Göç, genellikle dünya çapında daha az gelişmiş ülkelerden daha gelişmiş ülkelere ve bölgelere doğru, refah aralığı boyunca yürür. Daha iyi yaşam ve iş için bir başka ülkeye göç etmek, bugün yüksek gelirli ve düşük gelirli ülkelerin hiyerarşideki yerini korumasına neden olsa da bu ülkelerdeki sağcılar tarafından adlandırılması farklı. Piyasalaşma ve neoliberal çıkmazlardan kaynaklanan tüm sosyal refah kayıplarının suçunu kendilerinden göçmenlere yıkmanın bir zemini. Refah uçurumunu giderek açmak ama yine de göçmenlere bu paydan daha az aktarmanın, yani bir iç sömürge yaratmanın da. İşin tuhaf yanı göçmenin mazlum mu yoksa nankör mü olduğu sadece göçmenin nereli olduğu sorusuyla bağlantılı değil, aynı zamanda politik görüşleri olup olmamasına da bağlı. Aynı zamanda göçmenlerin göç etme nedenleri ortadayken, kendi toplumlarınca da “mücadeleden kaçtıkları” gibi bir suçlama ile karşılaşmaları ve borçlu hissettirilmeleri de fail ile mağdurun yerini değiştirme riski taşıyor.

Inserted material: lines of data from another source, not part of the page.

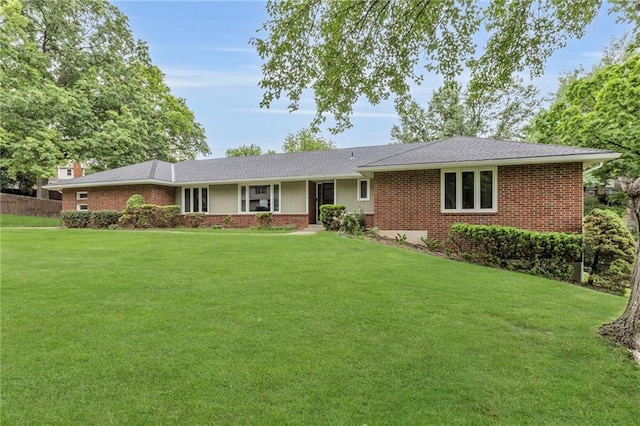 4212 NW Briarcliff Ln, Kansas City, MO 64116 - single story home featuring a front lawn and brick siding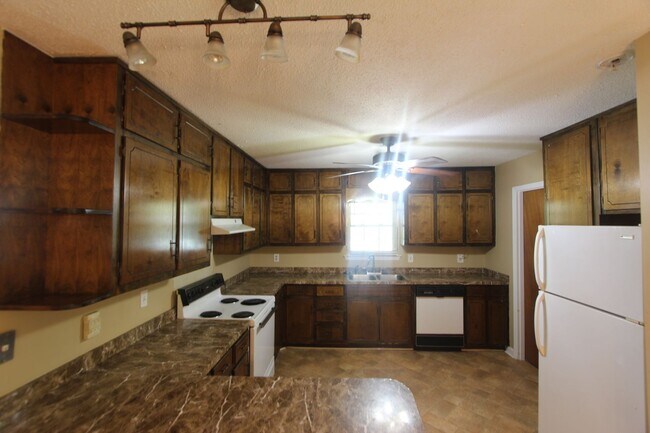 Building Photo - New On The Market with Fresh Updates!! Better Hurry!!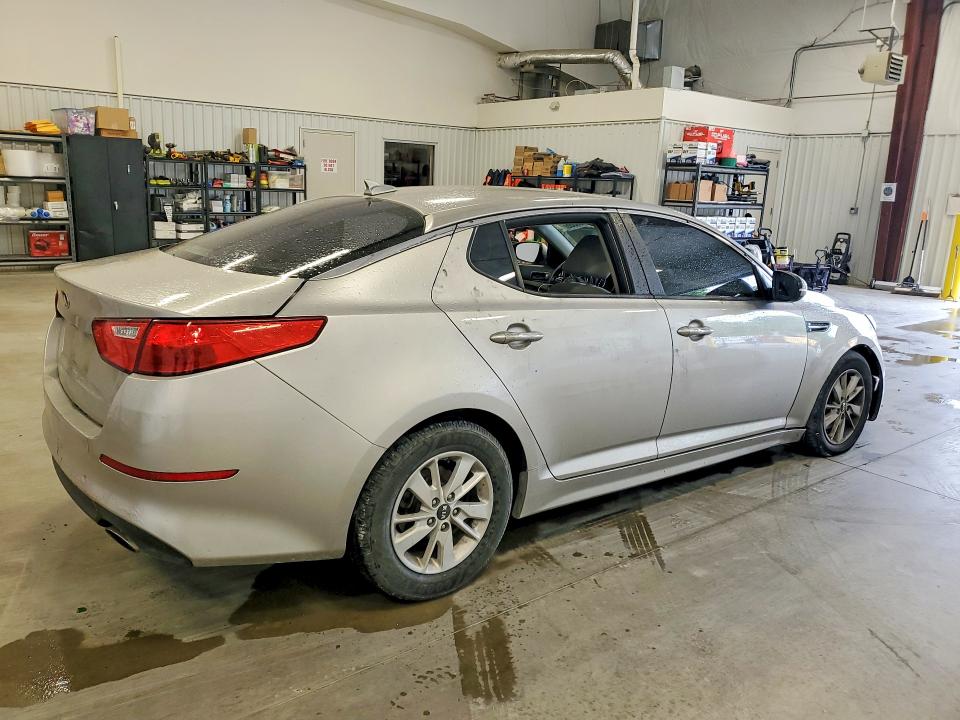 Photo 3 from auction – 2015 KIA OPTIMA with VIN KNAGM4A79F5528697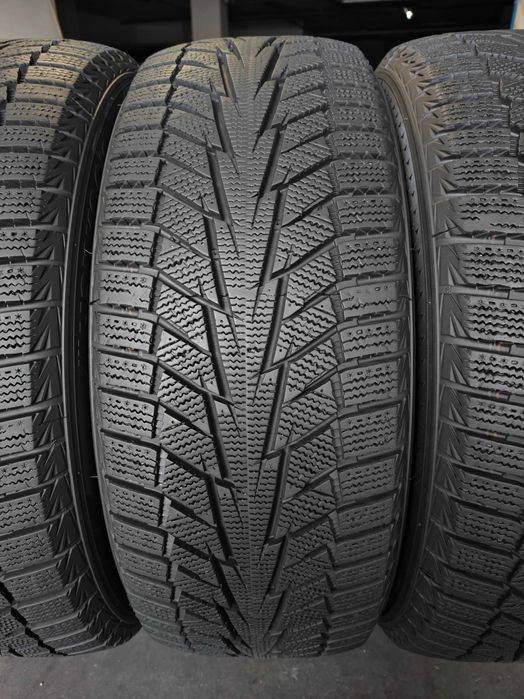 R18 245 45 шини зимові 24р Hankook Winter I*Cept Корея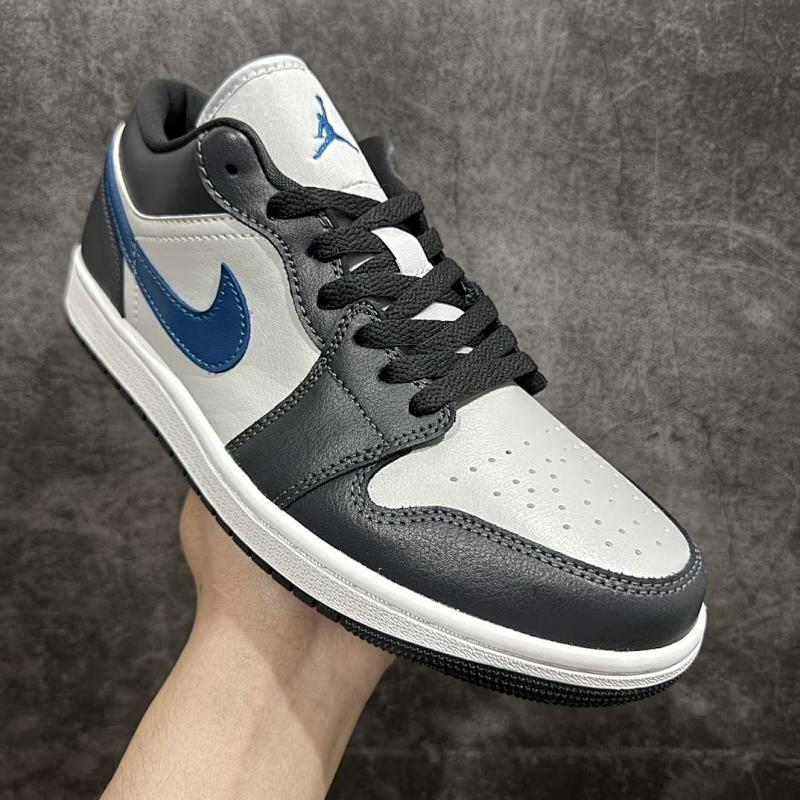 NIKE JORDAN 1 (541)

Dahası, özellikle iklim değişikliği kaynaklı kuraklıklar ile tarımsızlaşmanın da savaş ve diğer politik baskı gibi yerinden edilen kitleler yaratmaya devam ediyor. Bugün de geçmişte olduğu gibi yollarda pek çok insanın ölmesi, becerilerinden yoksunlaşması, dilsizleşmesi, toprağından kopması anlamına geliyor. Varlıklarına el konularak zorla sürülen nüfuslar hala pek çok ülkenin yüzleşmesi gereken tarihlerin asli yarası ve insanlık suçu. Bu nüfusların dünyaya dağılan varlıkları sayesinde bu yara hala söz konusu kararı veren imtiyazlıları rahatsız ediyor, ki bu nesilden nesile hem imtiyazların hem de utancın miras kalmasına neden oluyor.

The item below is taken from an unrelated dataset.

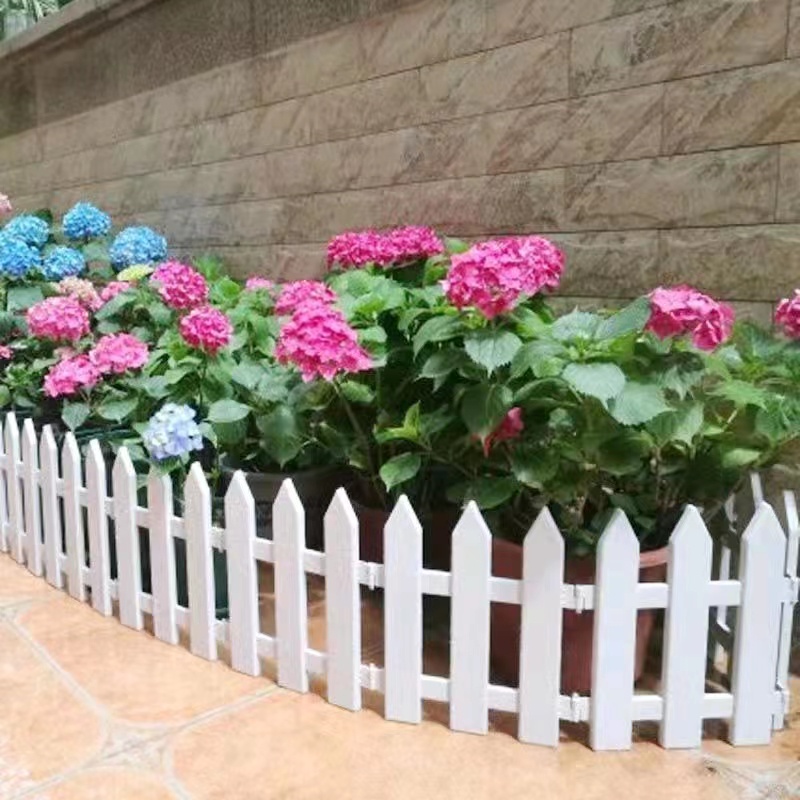White Plastic Garden Fence 40x58cm Decorative plastic garden fence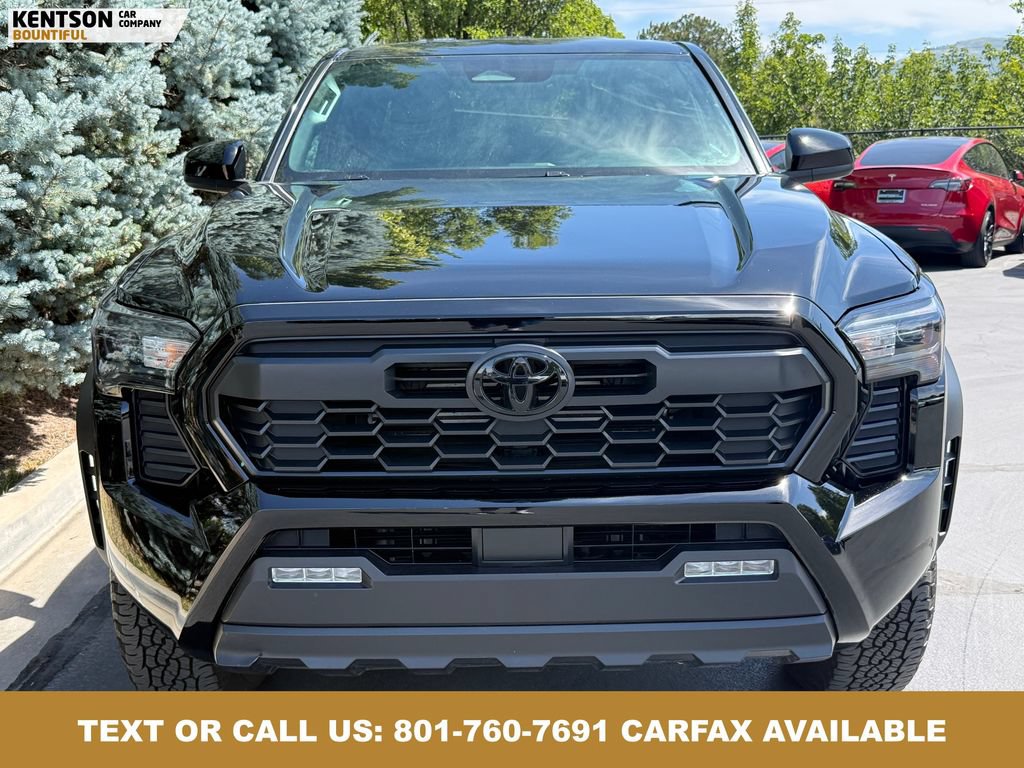 Used 2026 Toyota Tacoma TRD Off-Road AWD/4WD image 2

Refah uçurumu gibi güvence uçurumu da bir diğer göç nedeni. İşin ironik yanı, hem kurumsallaşmış ırkçılık hem de piyasalaşma nedeniyle güvence arayışında daha da güvencesizleşme ile karşılaşan göçmen sayısı giderek artıyor. Özellikle iltica ve evlilik yoluyla göç ise insanı pişman edecek büyüklükte bir şiddet döngüsünü, içinde barındırıyor. Türkiye’den son dönem göç edenlerle yapılan röportajlara baktığımda göçmen tüm olumsuzluklarına ve göçün tüm olası kayıplarına karşın Türkiye’den gitme kararı vermek, Türkiye’deki umudun kırılması daha doğru ifadeyle, varolan koşullara karşı mücadelenin zayıflaması ile ilgili. Elbette burada bir yumurta tavuk ikilemi de var. Zira Gezi dönemi ve ardından barış sürecinde pek çok insan Türkiye’ye ve mücadele etmek istediği kentlerine yeniden dönmek için özel çaba harcamıştı. Belki de göçmenleri suçlayıcı dilde konuşmak, sağcıların “ya sev ya terket” veya “Auslander Raus!” sloganındakinden farklı anlamda olsa da mağdur suçlayıcılığa düşme tehlikesini içerdiğini ve bunlardan önce mücadelenin gidişatını konuşmanın acil olduğunu unutmamak gerekiyor.